• [Supplied material]:
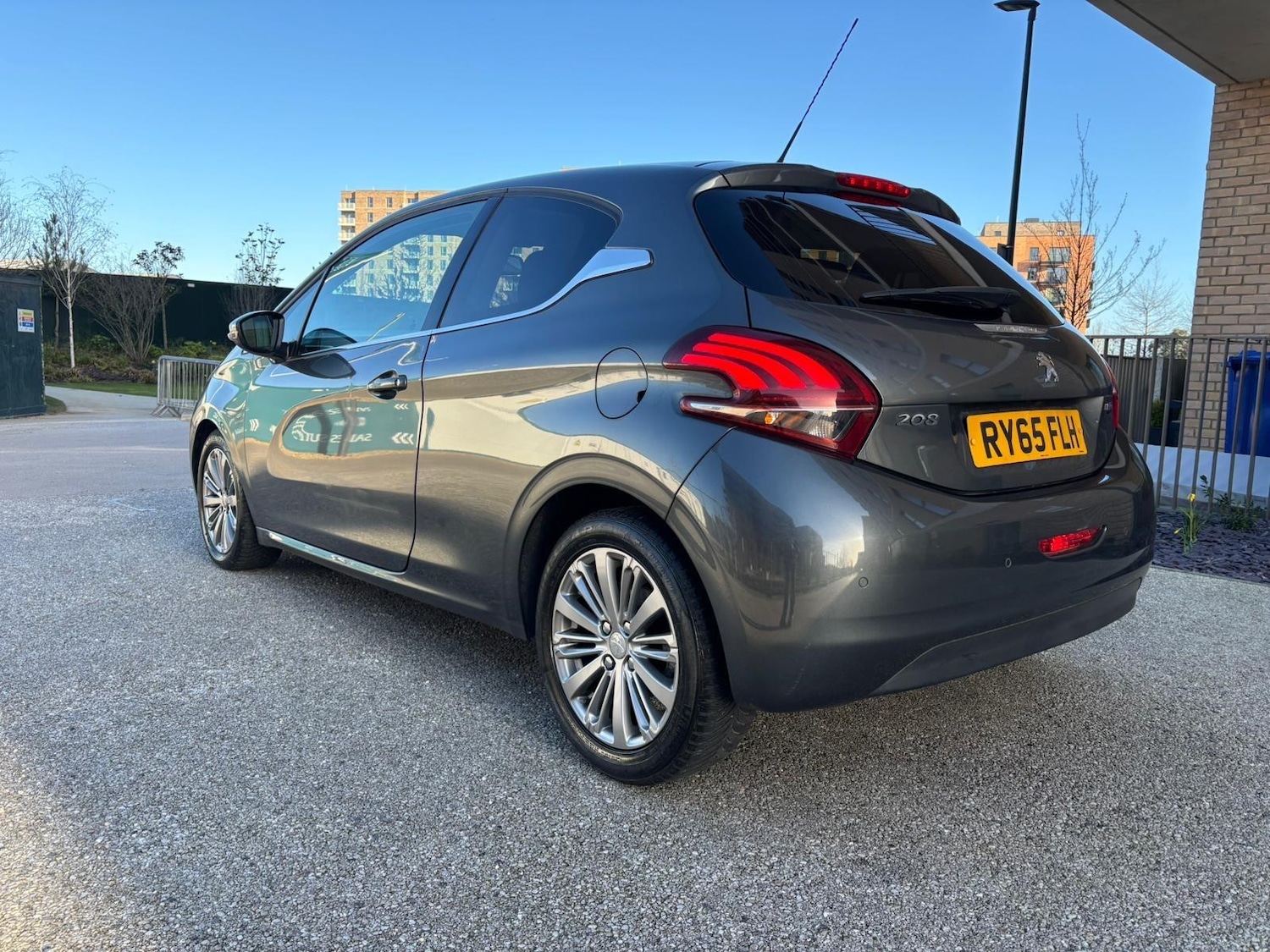 Used Peugeot 208 2016 for sale - 77924888: Photo 7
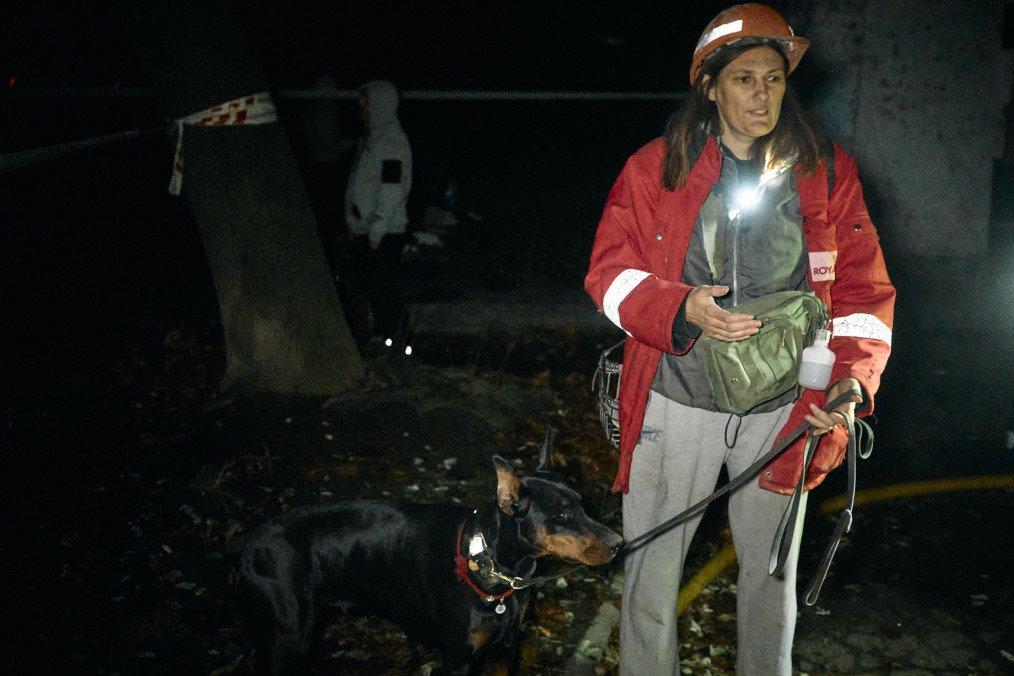 A rescue worker and her search dog operate through the darkness in Kyiv after Russia’s overnight strike on November 14, 2025. (Source: Joshua Olley/UNITED24 Media)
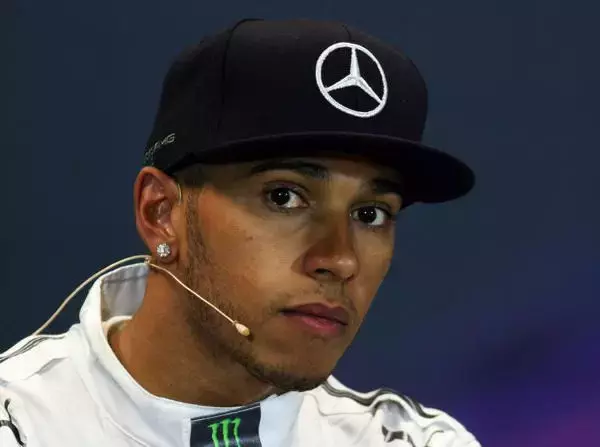 Foto zur News: Eiszeit bei Mercedes: Hamilton schmollt nach Rosberg-Sieg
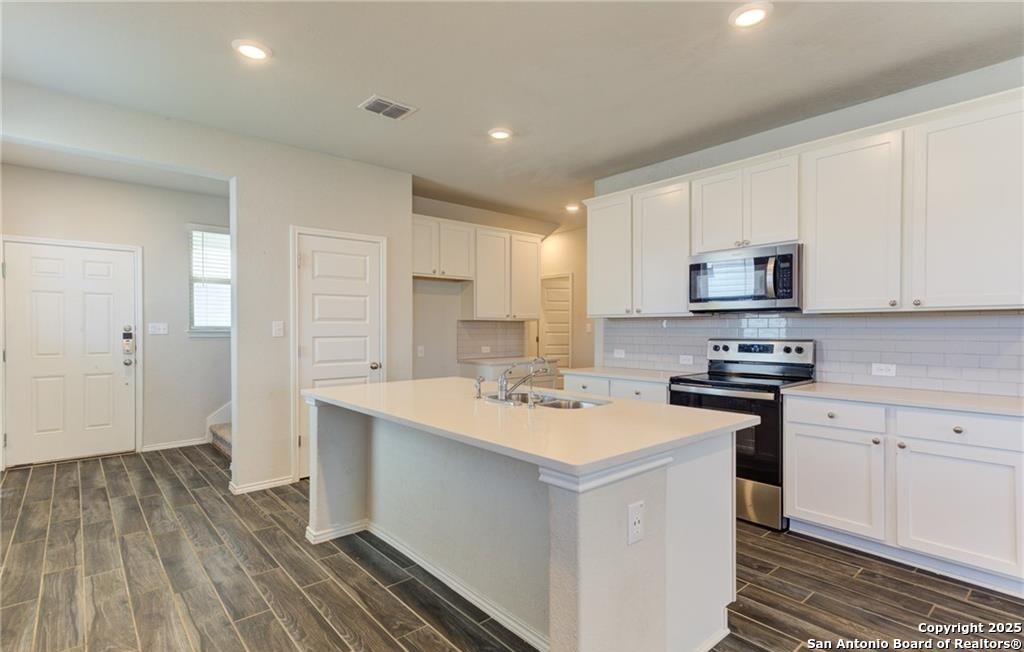 Seguin, Texas 78155, United States, 4 Bedrooms Bedrooms, ,3 BathroomsBathrooms,Residential,Active,153479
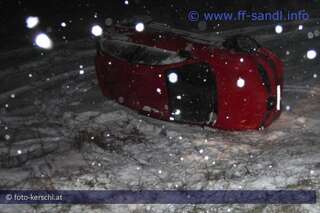 Wintereinbruch verursacht Verkehrsunfälle kerschi_ffsandl.jpg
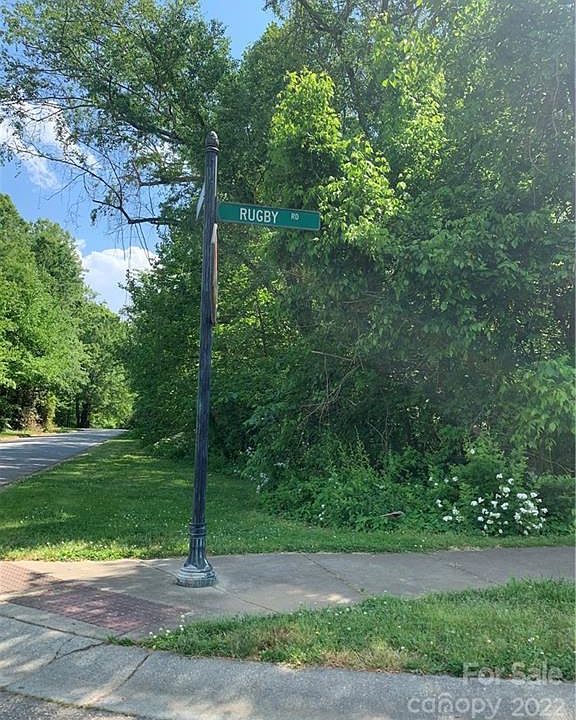 2nd image of 417 Rugby Rd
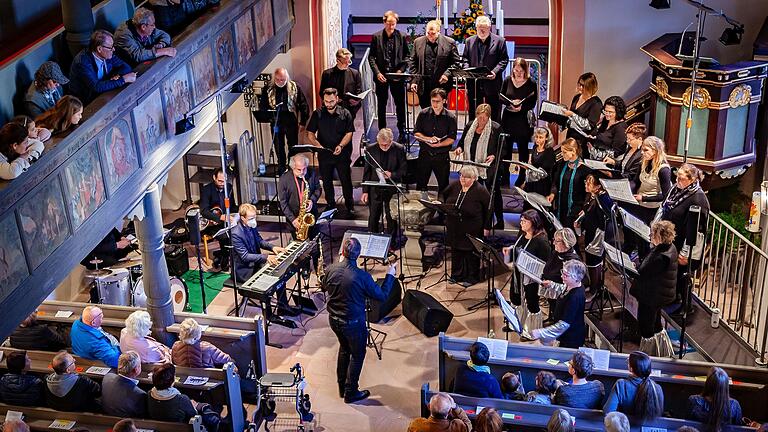 Konzert des Gospelchores Hassberge in der evangelischen Kirche Rügheim.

• [Exercise objective]: Reproduce the entries above exactly, though not their pictures.

• [Output for this task]:
 Used Peugeot 208 2016 for sale - 77924888: Photo 7
 A rescue worker and her search dog operate through the darkness in Kyiv after Russia’s overnight strike on November 14, 2025. (Source: Joshua Olley/UNITED24 Media)
 Foto zur News: Eiszeit bei Mercedes: Hamilton schmollt nach Rosberg-Sieg
 Seguin, Texas 78155, United States, 4 Bedrooms Bedrooms, ,3 BathroomsBathrooms,Residential,Active,153479
 Wintereinbruch verursacht Verkehrsunfälle kerschi_ffsandl.jpg
 2nd image of 417 Rugby Rd
 Konzert des Gospelchores Hassberge in der evangelischen Kirche Rügheim.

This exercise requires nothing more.